Malgré la fin de la Guerre froide, les espions sont toujours sur le qui-vive. Reuters

Les nouvelles technologies ont parfois fait passer l'espionnage traditionnel au second plan. Et pourtant, le renseignement d'origine humaine reste un instrument important des services secrets. Et la Suisse offre un champ de manœuvres intéressant, comme semble le montrer l’affaire Snowden.

Un banquier est poussé boire par un agent des services secrets étatsuniens, qui l’encourage ensuite à rentrer chez lui en voiture. Une fois en route, contrôle de police. A ce stade, difficile pour le banquier de refuser l’aide de son nouvel «ami». Qui lui offre un cadeau empoisonné, puisque c’est ainsi que la CIA le contraint à lui transmettre des informations confidentielles. Théâtre de l’opération? Genève.

Cet ancien employé de la CIA a affirmé avoir travaillé à la représentation américaine à Genève. Le Département fédéral des affaires étrangers (DFAE) a confirmé que Snowden avait été employé à la mission permanente des Etats-Unis à l’ONU à Genève entre mars 2007 et février 2009.

Pendant son séjour en Suisse, il aurait participé au recrutement d’un banquier de la place. Les agents des services secrets américains auraient poussé l’homme à boire. Puis, alors qu’il rentrait chez lui en voiture, il aurait été arrêté par la police et un des agents sous couverture lui aurait offert son aide. Le lien étant ainsi créé, le banquier pouvait commencer à collaborer.

À la suite de ces révélations, le DFAE a demandé des explications à l’ambassade américaine à Berne. De son côté, le ministre de la Défense et président de la Confédération Ueli Maurer s’est déclaré favorable à l’ouverture d’une enquête pénale sur l’espion américain qui a opéré à Genève, dans le cas où des indices concrets seraient mis en lumière.

Quand on lui parle de l’événement dont aurait été témoin l’ex-collaborateur de la CIA, Edward Snowden, Peter Regli, ancien chef des services secrets suisses de 1991 à 1999, est sceptique: «D’après ce que je sais, il était simple informaticien. Je ne vois pas comment ce jeune homme, qui n’a jamais reçu de formation de renseignement, puisse avoir eu connaissance de ce genre de choses.»
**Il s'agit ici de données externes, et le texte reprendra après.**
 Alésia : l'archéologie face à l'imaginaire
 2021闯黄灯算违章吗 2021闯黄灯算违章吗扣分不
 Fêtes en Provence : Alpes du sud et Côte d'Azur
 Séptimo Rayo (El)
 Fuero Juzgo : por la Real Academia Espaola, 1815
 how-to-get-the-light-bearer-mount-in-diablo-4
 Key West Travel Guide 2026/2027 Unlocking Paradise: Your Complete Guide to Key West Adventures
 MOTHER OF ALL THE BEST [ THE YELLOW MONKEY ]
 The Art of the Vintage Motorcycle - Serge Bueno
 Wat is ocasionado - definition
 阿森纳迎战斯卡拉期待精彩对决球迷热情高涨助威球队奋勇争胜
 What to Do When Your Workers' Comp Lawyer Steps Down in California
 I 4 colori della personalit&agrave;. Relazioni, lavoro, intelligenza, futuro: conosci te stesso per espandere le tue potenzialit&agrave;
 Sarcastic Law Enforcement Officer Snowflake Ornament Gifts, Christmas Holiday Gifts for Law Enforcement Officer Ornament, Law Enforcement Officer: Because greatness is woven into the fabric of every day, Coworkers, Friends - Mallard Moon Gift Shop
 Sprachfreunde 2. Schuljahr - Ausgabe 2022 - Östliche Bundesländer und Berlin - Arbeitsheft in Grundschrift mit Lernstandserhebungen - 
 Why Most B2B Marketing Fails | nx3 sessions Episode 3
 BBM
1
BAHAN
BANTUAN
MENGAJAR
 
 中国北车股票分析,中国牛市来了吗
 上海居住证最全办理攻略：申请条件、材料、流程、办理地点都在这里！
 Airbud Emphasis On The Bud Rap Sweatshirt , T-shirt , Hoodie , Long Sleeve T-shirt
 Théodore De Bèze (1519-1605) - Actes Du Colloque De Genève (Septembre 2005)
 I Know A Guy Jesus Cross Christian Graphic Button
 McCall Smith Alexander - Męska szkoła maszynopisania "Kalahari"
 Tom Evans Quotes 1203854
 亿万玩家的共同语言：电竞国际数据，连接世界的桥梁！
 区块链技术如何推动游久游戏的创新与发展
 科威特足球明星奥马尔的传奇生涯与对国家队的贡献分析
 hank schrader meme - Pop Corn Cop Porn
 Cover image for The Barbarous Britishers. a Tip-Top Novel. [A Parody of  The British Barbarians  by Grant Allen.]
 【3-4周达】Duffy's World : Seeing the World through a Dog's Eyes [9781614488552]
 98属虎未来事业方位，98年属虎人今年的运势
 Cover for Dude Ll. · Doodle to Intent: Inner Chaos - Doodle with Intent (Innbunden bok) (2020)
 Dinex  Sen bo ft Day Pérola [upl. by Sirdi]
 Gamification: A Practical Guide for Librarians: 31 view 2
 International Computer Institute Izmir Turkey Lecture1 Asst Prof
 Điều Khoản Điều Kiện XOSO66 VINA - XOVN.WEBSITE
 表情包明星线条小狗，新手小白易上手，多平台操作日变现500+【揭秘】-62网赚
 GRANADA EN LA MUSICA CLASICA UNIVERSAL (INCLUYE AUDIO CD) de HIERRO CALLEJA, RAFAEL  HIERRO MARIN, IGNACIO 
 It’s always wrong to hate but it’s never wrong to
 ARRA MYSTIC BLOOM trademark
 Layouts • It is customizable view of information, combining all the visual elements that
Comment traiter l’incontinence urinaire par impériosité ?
Vraie ou non, l’affaire aura tout de même confirmé une chose: le renseignement d’origine humaine (Human Intelligence, ou HUMINT pour les initiés) continue d’occuper une place centrale dans les activités des services de renseignement du monde entier.

«Qu’est-ce que l’adversaire a en tête?»

«Ces dix dernières années, tous les services secrets, petits ou grands, se sont mis à utiliser de plus en plus fréquemment les médias sociaux, Google et autres. Mais l’outil le plus important reste le renseignement d’origine humaine», souligne Peter Regli.

«Quand un service analyse une situation, il se demande toujours «ce que l’adversaire a en tête». Pour le savoir, on peut bien sûr surveiller ses courriels ou ses téléphones, mais pour vraiment comprendre où l’autre veut en venir, rien ne peut remplacer le contact humain. Et c’est là que l’agent entre véritablement en action», explique l’ancien chef des services secrets.

La Suisse est intéressante à plus d’un titre. «Sa situation au centre de l’Europe, la présence du siège européen de l’ONU et d’autres organisations internationales, la place financière, le négoce de matières énergétiques et de matières premières», a précisé par écrit à swissinfo.ch Simon Johner, porte-parole au Service de renseignement de la Confédération (SRC). Genève, en particulier, constitue un «biotope privilégié» pour ces activités, selon les propos récents du ministre de la Défense Ueli Maurer.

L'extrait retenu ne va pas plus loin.